Work task -
Every line of the material is to be quoted verbatim, minus the pictures.

Exercise input -
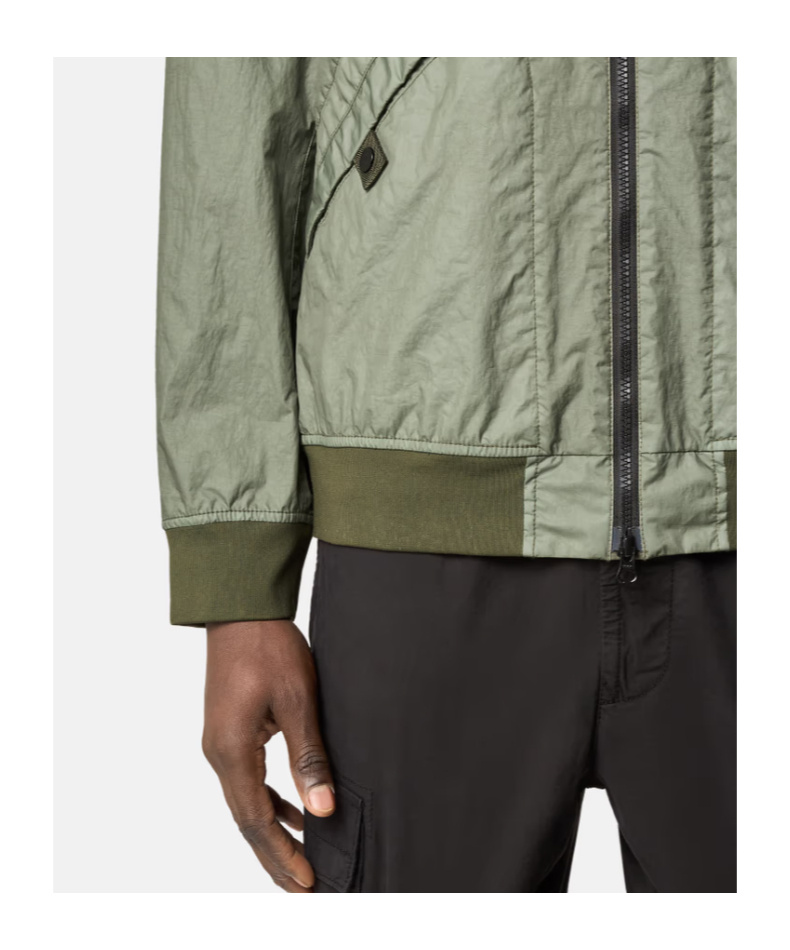 Stone Island 3l Tc Membrane Bomber Jacket In Green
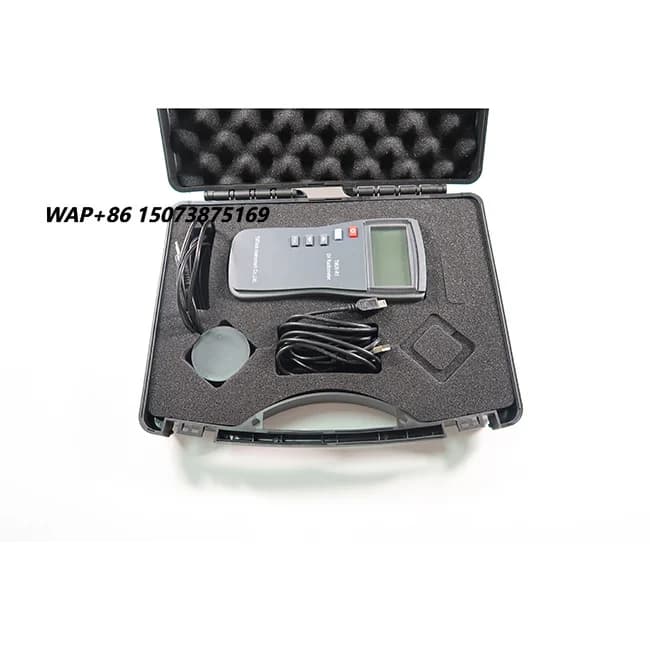 HOT Selling UV Radiometer TMUV-R1 Dual Channel Ultraviolet Irradiance Meter UV Light Ultraviolet Illuminometer High Resolution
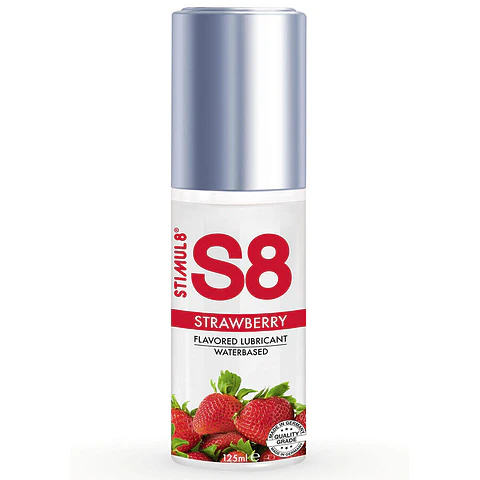 STIMUL8 - LUBRIFICANTE S8 MORANGO 125 ML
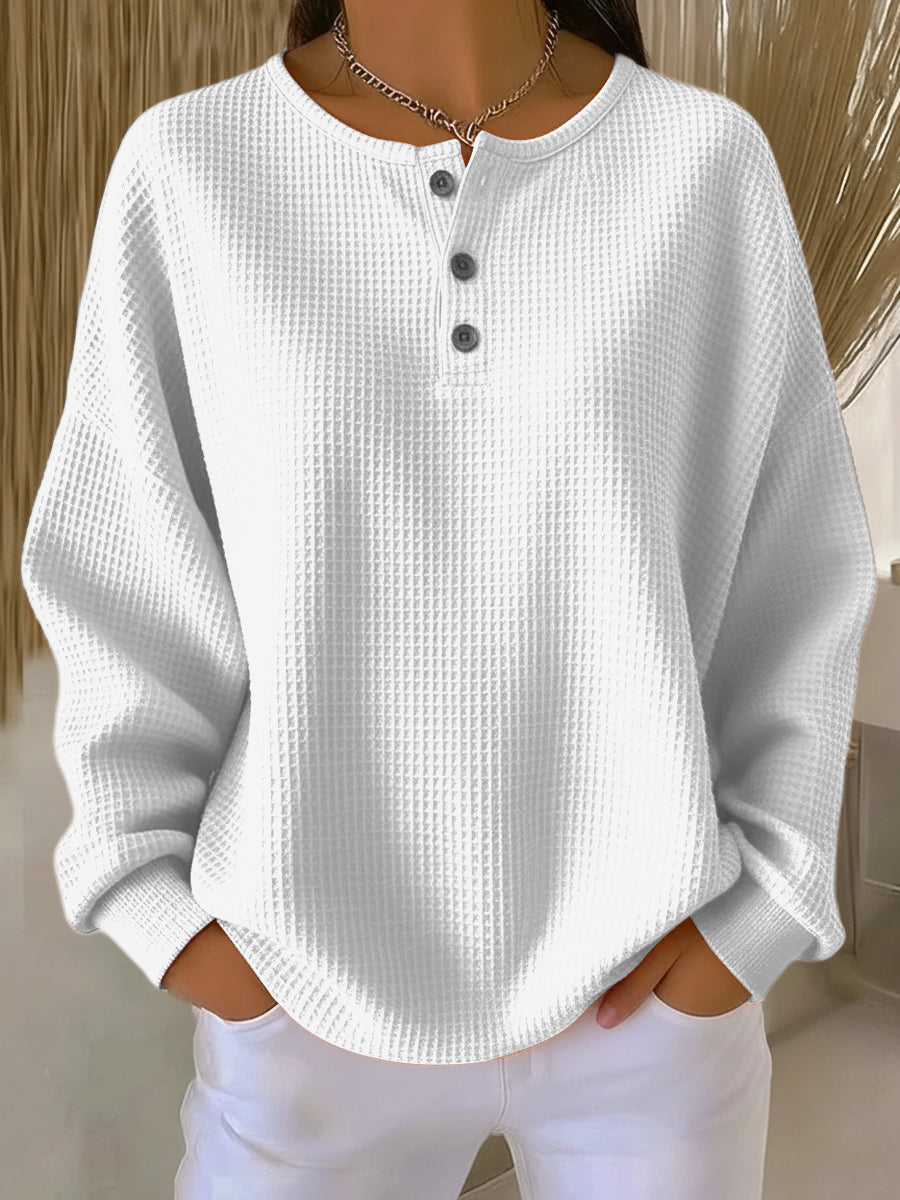 Grace™ - Elegant, warm, comfortable sweater with buttons
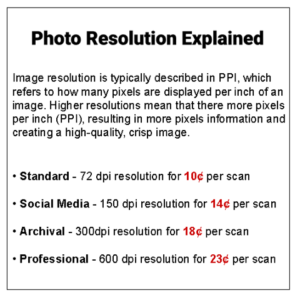 Resolution 300x300 - Menu of Photo Scanning Discounts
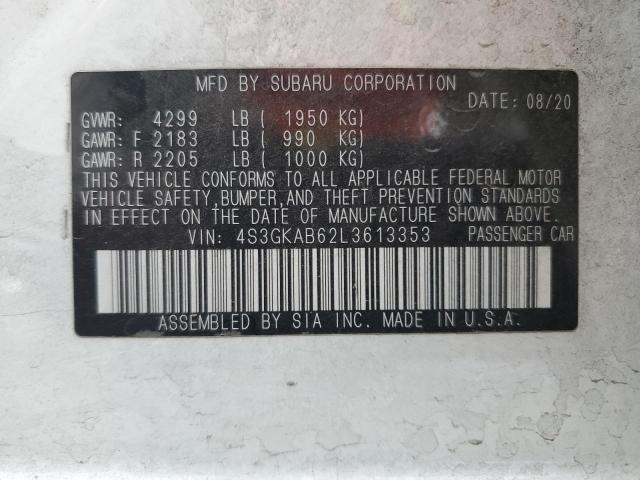 4S3GKAB62L3613353 Subaru IMPREZA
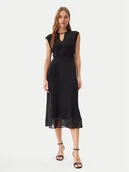 Sukienki - Calvin Klein Sukienka koktajlowa K20K208366 Czarny Regular Fit - miniaturka - grafika 1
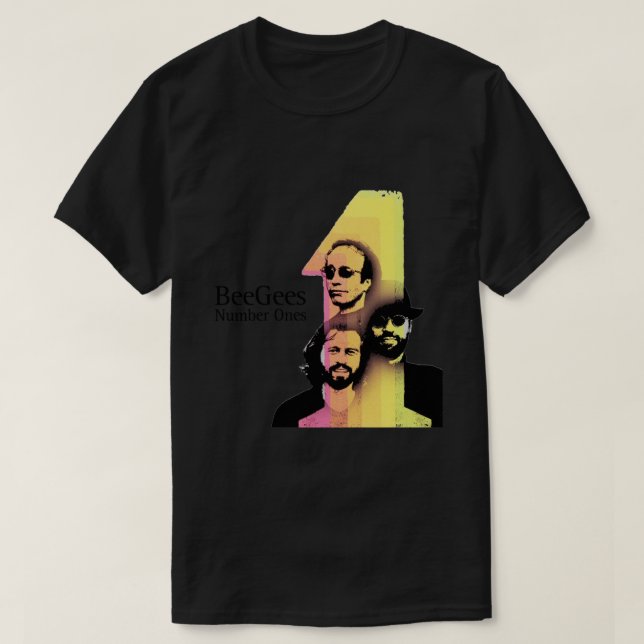 T-shirt Bee Gees Nombre Un (Design devant)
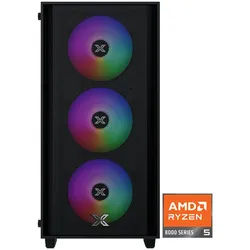 CAPTIVA Highend Gaming R99-651 Gaming-PC (AMD Ryzen 5 8400F, RadeonTM RX 9070 XT, 32 GB RAM, 1000 GB SSD, Luftkühlung) schwarz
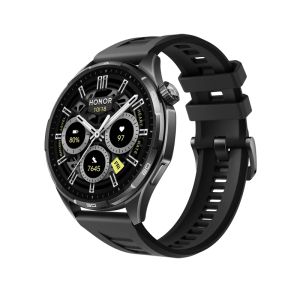 Honor Watch 6 BT - Shadow Black with Black Fluoroelastomer Strap - EU Version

Answer space -
 Stone Island 3l Tc Membrane Bomber Jacket In Green
 HOT Selling UV Radiometer TMUV-R1 Dual Channel Ultraviolet Irradiance Meter UV Light Ultraviolet Illuminometer High Resolution
 STIMUL8 - LUBRIFICANTE S8 MORANGO 125 ML
 Grace™ - Elegant, warm, comfortable sweater with buttons
 Resolution 300x300 - Menu of Photo Scanning Discounts
 4S3GKAB62L3613353 Subaru IMPREZA
 Sukienki - Calvin Klein Sukienka koktajlowa K20K208366 Czarny Regular Fit - miniaturka - grafika 1
 T-shirt Bee Gees Nombre Un (Design devant)
 CAPTIVA Highend Gaming R99-651 Gaming-PC (AMD Ryzen 5 8400F, RadeonTM RX 9070 XT, 32 GB RAM, 1000 GB SSD, Luftkühlung) schwarz
 Honor Watch 6 BT - Shadow Black with Black Fluoroelastomer Strap - EU Version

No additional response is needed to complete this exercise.